> [EXERCISE] Output, exactly as written, the lines below from the one that has "David Petersen" through the one that has "Delphin CLASSA EVA"; nothing else, and no pictures.

> [RECORDS SHOWN]
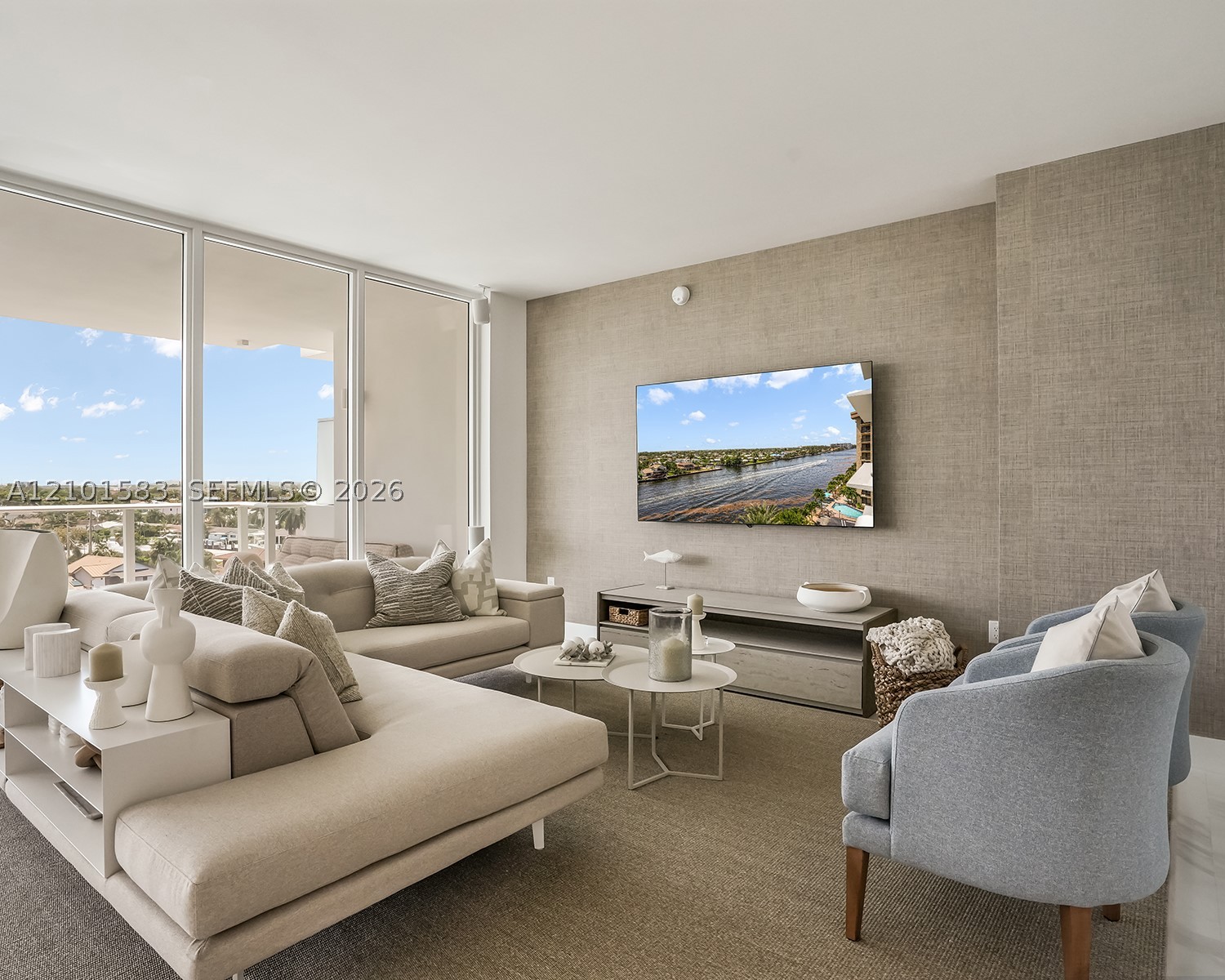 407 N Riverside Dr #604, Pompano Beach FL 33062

* * *

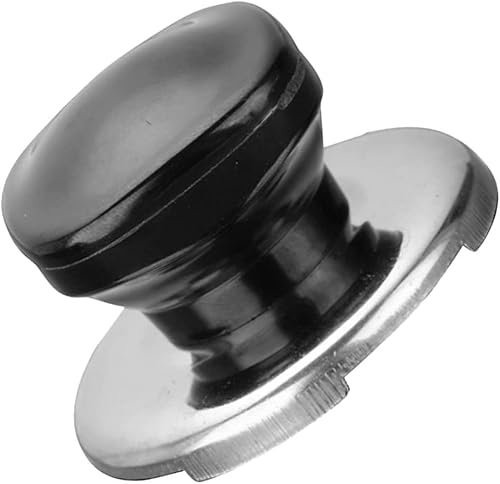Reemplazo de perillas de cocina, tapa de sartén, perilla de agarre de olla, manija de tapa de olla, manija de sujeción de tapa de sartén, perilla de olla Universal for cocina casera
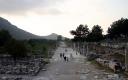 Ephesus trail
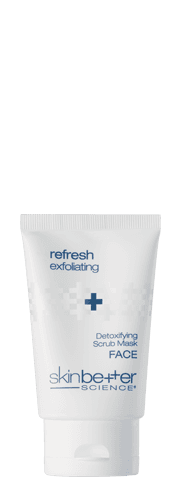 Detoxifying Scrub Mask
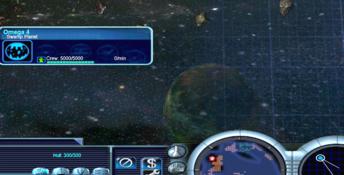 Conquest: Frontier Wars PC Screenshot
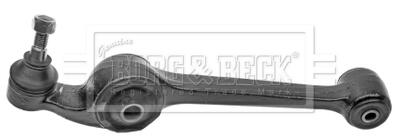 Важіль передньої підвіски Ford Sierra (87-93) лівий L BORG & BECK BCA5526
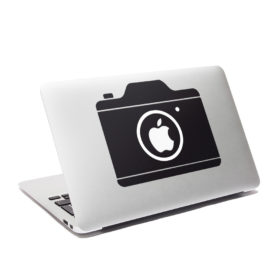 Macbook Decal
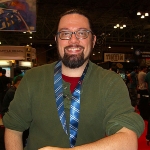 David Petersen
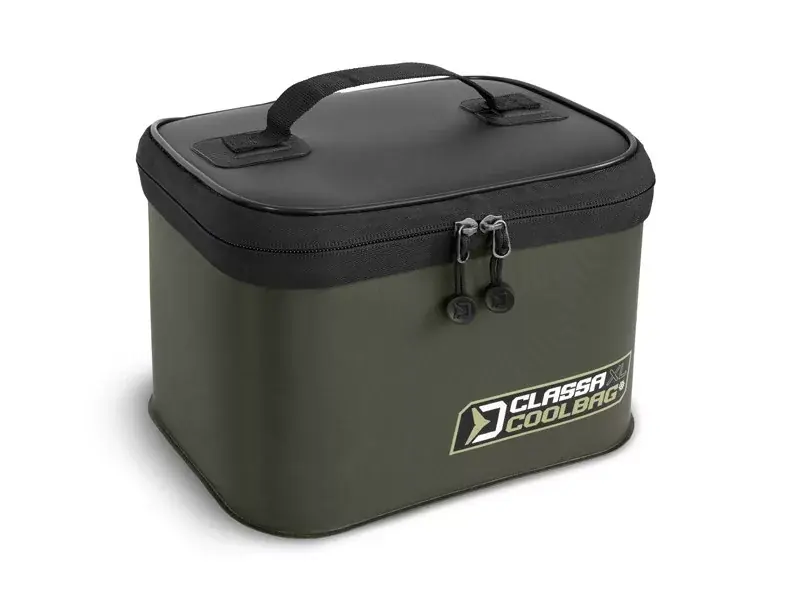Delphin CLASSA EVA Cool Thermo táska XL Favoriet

> [RESPONSE]
 David Petersen
Delphin CLASSA EVA Cool Thermo táska XL Favoriet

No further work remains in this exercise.